Around the time of Menander's death in 140 BC, the Central Asian Kushans overran Bactria and ended Greek rule there. Around 80 BC, the Sakas, diverted by their Parthian cousins from Iran, moved into Gandhara and other parts of Pakistan and Western India. The most famous king of the Sakas, Maues, established himself in Gandhara.
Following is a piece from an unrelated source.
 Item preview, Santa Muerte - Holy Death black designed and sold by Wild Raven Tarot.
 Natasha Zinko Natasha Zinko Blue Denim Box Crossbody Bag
By 90 BC the Parthians had taken control of eastern Iran and in around 50 BC they put an end to the last remnants of Greek rule in Afghanistan. Eventually an Indo-Parthian dynasty succeeded in taking control of Gandhara. The Parthians continued to support Greek artistic traditions. The start of the Gandharan Greco-Buddhist art is dated to about 75–50 BC. Links between Rome and the Indo-Parthian kingdoms existed. There is archaeological evidence that building techniques were transmitted between the two realms. Christian records claim that around AD 40 Thomas the Apostle visited India and encountered the Indo-Parthian king Gondophares.
The Parthian dynasty fell about 75 to another group from Central Asia. The Kushans, known as Yuezhi in China (although ethnically Asii) moved from Central Asia to Bactria, where they stayed for a century. Around 75, one of their tribes, the Kushan (Kuṣāṇa), under the leadership of Kujula Kadphises gained control of Gandhara and other parts of what is now Pakistan.
The Kushan period is considered the Golden Period of Gandhara. Peshawar Valley and Taxila are littered with ruins of stupas and monasteries of this period. Gandharan art flourished and produced some of the best pieces of Indian sculpture. Many monuments were created to commemorate the Jatakas.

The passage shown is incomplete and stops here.